In the year 1900, photographer Edward Curtis traveled from his home in Seattle to Montana to witness a Native American Sun Dance, which he and other members of the expedition believed would be the last event of its kind, ever. Anne Makepeace writes about the effect this had on the man in her book Edward Curtis: Coming to Light:
“If some Indians believed that the camera could capture one’s soul, at this Sun Dance in 1900 it was Curtis’s soul that was captured. This vision of a passing world would change Curtis’s life, uproot him from his home, and send him on an Odyssean journey that would consume him for the next 30 years.”
I personally did not know the name Edward Curtis until quite recently when a colleague talked about a recently published biography of him, but some of his photographs were familiar to me. His haunting photographs of Native Americans around the country in the early twentieth century have become iconic.
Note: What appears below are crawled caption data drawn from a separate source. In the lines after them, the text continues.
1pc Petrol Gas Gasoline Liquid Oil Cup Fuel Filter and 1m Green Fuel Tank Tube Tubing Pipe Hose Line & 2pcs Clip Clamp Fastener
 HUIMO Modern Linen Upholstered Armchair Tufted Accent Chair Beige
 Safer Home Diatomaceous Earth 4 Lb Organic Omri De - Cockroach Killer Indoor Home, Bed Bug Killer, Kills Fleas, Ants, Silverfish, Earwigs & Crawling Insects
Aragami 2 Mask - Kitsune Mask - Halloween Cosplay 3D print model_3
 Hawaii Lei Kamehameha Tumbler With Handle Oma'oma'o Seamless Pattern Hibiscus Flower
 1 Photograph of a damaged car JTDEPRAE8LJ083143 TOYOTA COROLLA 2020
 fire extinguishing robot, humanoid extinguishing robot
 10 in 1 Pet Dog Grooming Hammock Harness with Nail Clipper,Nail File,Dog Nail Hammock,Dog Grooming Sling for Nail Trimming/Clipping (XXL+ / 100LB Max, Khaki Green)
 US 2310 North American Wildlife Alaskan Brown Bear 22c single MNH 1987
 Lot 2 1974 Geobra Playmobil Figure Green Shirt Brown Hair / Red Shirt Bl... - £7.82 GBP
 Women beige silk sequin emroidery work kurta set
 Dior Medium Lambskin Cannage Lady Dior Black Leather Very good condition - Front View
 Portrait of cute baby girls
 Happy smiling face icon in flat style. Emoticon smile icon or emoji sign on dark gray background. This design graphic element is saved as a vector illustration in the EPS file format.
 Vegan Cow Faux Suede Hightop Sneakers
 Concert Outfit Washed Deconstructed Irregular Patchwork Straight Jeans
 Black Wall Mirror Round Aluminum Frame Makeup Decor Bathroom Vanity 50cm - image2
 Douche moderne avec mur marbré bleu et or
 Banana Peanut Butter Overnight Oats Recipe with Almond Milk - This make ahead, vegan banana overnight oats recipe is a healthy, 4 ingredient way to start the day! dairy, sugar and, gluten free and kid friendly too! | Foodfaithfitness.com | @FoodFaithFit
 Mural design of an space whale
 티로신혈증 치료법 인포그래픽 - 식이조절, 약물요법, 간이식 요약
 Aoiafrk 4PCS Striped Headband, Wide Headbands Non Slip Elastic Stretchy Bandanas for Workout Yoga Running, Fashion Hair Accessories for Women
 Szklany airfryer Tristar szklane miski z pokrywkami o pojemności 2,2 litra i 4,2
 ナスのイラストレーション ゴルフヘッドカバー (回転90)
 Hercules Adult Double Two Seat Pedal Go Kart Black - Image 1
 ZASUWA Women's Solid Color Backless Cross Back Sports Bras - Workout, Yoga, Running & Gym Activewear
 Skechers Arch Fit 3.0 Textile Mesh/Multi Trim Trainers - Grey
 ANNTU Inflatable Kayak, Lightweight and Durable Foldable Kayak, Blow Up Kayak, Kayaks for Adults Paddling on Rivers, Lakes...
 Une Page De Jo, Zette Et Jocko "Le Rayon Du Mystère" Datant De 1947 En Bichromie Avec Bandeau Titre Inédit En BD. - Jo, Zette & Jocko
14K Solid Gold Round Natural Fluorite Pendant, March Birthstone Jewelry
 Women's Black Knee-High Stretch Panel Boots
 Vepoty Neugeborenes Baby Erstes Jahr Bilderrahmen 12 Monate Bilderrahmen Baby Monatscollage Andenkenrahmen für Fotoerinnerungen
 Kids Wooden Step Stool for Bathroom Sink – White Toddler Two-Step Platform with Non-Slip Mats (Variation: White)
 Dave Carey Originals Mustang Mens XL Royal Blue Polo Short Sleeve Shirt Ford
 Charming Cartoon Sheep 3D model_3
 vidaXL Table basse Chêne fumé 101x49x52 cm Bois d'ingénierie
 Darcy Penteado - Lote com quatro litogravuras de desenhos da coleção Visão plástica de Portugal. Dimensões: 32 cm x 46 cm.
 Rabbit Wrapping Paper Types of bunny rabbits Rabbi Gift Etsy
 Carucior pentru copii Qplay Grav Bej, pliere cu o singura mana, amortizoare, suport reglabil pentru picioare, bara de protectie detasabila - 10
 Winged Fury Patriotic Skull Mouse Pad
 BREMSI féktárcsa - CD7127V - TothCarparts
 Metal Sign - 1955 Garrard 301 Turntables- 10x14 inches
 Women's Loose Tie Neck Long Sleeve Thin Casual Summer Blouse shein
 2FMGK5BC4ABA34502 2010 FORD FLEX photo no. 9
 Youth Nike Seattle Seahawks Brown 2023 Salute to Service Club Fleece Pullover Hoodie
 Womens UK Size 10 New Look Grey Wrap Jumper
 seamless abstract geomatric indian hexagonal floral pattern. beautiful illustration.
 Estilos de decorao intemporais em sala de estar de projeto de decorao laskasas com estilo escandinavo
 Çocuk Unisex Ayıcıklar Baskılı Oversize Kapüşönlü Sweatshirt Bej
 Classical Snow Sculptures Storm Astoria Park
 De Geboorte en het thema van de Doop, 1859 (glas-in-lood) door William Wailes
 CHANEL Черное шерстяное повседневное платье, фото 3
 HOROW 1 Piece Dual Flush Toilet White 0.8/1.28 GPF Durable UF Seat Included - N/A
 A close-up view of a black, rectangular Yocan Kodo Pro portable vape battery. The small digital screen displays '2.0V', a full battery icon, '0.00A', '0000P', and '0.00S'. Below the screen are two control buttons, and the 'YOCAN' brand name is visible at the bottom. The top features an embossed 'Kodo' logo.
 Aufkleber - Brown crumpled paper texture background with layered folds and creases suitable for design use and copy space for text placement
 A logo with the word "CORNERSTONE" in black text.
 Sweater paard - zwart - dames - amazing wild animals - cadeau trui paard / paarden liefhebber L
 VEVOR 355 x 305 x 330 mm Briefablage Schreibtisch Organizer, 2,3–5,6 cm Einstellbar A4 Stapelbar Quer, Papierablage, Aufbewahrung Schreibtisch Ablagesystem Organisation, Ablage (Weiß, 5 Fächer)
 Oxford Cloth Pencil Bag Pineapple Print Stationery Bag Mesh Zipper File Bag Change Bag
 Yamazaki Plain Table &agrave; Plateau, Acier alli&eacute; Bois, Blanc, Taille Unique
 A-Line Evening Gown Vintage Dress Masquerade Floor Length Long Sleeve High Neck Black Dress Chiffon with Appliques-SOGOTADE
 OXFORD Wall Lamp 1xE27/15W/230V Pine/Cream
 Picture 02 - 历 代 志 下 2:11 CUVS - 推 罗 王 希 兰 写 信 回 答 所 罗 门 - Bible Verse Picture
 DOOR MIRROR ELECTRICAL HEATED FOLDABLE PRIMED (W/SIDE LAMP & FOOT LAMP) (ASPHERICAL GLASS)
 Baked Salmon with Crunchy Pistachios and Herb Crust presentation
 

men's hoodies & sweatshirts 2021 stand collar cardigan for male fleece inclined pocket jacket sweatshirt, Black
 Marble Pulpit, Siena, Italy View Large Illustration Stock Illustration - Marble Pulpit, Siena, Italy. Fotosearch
You can see many of them on display at the Minneapolis Central Branch of the Hennepin County Library from now through January 6th in an exhibit called “Beauty, Heart and Spirit: The Sacred Legacy® of Edward S. Curtis and the North American Indian.” Photographers take note of the November 15th event at which master printers discuss Curtis’s ahead-of-his-time printing techniques.
I have yet to see the exhibit myself, but I’ve been reading about Curtis’s life:
This photo of Chief Joseph (shown here from the children’s biography Shadow Catcher: The Life and Work of Edward Curtis) was the one that clicked with me:
While his work was not without controversy, it remains a significant legacy. I know I can’t read about the dedication and empathy that Curtis put into this project without thinking about what might capture my soul in such a way.